## [What you need to do]
Reproduce the data that follows in its entirety, character for character.

[Short text fragments from websites]
==*==

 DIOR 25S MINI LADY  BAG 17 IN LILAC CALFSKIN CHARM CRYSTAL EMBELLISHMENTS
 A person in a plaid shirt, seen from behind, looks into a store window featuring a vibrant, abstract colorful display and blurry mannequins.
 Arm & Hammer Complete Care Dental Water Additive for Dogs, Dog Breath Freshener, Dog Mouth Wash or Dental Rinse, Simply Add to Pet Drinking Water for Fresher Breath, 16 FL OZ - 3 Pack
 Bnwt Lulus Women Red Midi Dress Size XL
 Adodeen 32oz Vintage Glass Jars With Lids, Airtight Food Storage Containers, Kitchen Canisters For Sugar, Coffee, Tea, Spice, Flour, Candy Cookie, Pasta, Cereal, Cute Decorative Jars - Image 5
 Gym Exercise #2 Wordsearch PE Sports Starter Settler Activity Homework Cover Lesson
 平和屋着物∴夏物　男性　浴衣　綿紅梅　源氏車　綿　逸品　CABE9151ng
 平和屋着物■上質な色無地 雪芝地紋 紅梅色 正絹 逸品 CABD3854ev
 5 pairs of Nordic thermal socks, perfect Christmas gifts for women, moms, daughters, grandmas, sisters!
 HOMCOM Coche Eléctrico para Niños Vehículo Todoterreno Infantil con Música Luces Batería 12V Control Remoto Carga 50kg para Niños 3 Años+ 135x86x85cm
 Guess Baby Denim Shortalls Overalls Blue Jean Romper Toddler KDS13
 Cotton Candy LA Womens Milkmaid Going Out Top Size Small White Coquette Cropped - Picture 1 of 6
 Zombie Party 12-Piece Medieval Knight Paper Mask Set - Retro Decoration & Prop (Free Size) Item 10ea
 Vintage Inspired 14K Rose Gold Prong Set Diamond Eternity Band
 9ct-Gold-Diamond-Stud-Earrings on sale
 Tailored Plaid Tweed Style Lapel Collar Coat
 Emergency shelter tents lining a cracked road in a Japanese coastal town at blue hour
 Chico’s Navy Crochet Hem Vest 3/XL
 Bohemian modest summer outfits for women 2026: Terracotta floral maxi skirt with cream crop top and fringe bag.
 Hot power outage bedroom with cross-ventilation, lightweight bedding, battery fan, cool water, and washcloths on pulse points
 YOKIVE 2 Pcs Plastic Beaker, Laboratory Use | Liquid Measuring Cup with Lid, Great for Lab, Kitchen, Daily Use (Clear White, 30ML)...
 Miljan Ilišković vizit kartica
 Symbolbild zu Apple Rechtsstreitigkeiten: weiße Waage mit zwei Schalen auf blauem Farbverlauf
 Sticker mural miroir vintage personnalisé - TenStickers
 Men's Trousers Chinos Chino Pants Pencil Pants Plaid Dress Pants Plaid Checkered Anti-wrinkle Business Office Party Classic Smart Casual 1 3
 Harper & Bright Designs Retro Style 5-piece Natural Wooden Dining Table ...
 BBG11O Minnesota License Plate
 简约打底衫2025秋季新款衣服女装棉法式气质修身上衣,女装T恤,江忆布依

==*==

## [Completed task]
 DIOR 25S MINI LADY  BAG 17 IN LILAC CALFSKIN CHARM CRYSTAL EMBELLISHMENTS
 A person in a plaid shirt, seen from behind, looks into a store window featuring a vibrant, abstract colorful display and blurry mannequins.
 Arm & Hammer Complete Care Dental Water Additive for Dogs, Dog Breath Freshener, Dog Mouth Wash or Dental Rinse, Simply Add to Pet Drinking Water for Fresher Breath, 16 FL OZ - 3 Pack
 Bnwt Lulus Women Red Midi Dress Size XL
 Adodeen 32oz Vintage Glass Jars With Lids, Airtight Food Storage Containers, Kitchen Canisters For Sugar, Coffee, Tea, Spice, Flour, Candy Cookie, Pasta, Cereal, Cute Decorative Jars - Image 5
 Gym Exercise #2 Wordsearch PE Sports Starter Settler Activity Homework Cover Lesson
 平和屋着物∴夏物　男性　浴衣　綿紅梅　源氏車　綿　逸品　CABE9151ng
 平和屋着物■上質な色無地 雪芝地紋 紅梅色 正絹 逸品 CABD3854ev
 5 pairs of Nordic thermal socks, perfect Christmas gifts for women, moms, daughters, grandmas, sisters!
 HOMCOM Coche Eléctrico para Niños Vehículo Todoterreno Infantil con Música Luces Batería 12V Control Remoto Carga 50kg para Niños 3 Años+ 135x86x85cm
 Guess Baby Denim Shortalls Overalls Blue Jean Romper Toddler KDS13
 Cotton Candy LA Womens Milkmaid Going Out Top Size Small White Coquette Cropped - Picture 1 of 6
 Zombie Party 12-Piece Medieval Knight Paper Mask Set - Retro Decoration & Prop (Free Size) Item 10ea
 Vintage Inspired 14K Rose Gold Prong Set Diamond Eternity Band
 9ct-Gold-Diamond-Stud-Earrings on sale
 Tailored Plaid Tweed Style Lapel Collar Coat
 Emergency shelter tents lining a cracked road in a Japanese coastal town at blue hour
 Chico’s Navy Crochet Hem Vest 3/XL
 Bohemian modest summer outfits for women 2026: Terracotta floral maxi skirt with cream crop top and fringe bag.
 Hot power outage bedroom with cross-ventilation, lightweight bedding, battery fan, cool water, and washcloths on pulse points
 YOKIVE 2 Pcs Plastic Beaker, Laboratory Use | Liquid Measuring Cup with Lid, Great for Lab, Kitchen, Daily Use (Clear White, 30ML)...
 Miljan Ilišković vizit kartica
 Symbolbild zu Apple Rechtsstreitigkeiten: weiße Waage mit zwei Schalen auf blauem Farbverlauf
 Sticker mural miroir vintage personnalisé - TenStickers
 Men's Trousers Chinos Chino Pants Pencil Pants Plaid Dress Pants Plaid Checkered Anti-wrinkle Business Office Party Classic Smart Casual 1 3
 Harper & Bright Designs Retro Style 5-piece Natural Wooden Dining Table ...
 BBG11O Minnesota License Plate
 简约打底衫2025秋季新款衣服女装棉法式气质修身上衣,女装T恤,江忆布依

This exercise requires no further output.